• _WHAT THE TASK ASKS_:
A verbatim copy of all the data is required, minus any images.

• _GIVEN DATA_:
-=-=-
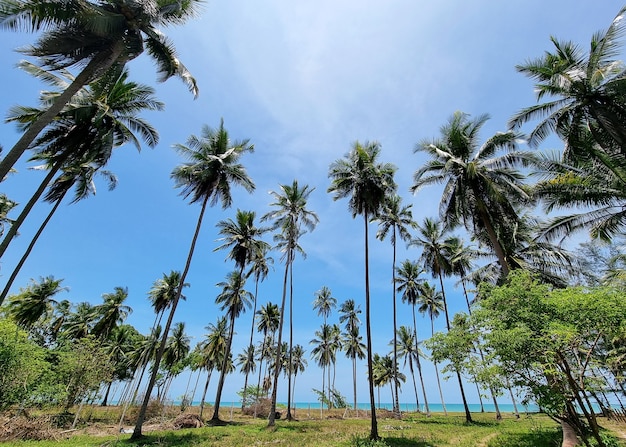 Die Perspektive der Kokospalmenplantage nahe dem Strand auf dem Hintergrund des blauen Himmels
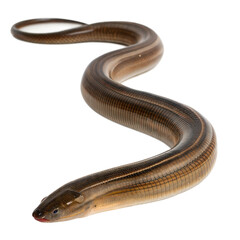 Obraz premium Eel AI Generated Image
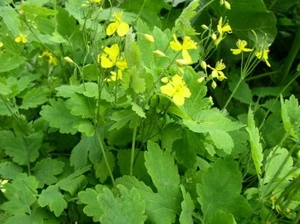 25+ Seeds of Medicinal Greater Celandine Plant (Chelidonium Majus) Organic - Picture 1 of 4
-=-=-
• _ANSWER TO THIS PROBLEM_:
 Die Perspektive der Kokospalmenplantage nahe dem Strand auf dem Hintergrund des blauen Himmels
 Obraz premium Eel AI Generated Image
 25+ Seeds of Medicinal Greater Celandine Plant (Chelidonium Majus) Organic - Picture 1 of 4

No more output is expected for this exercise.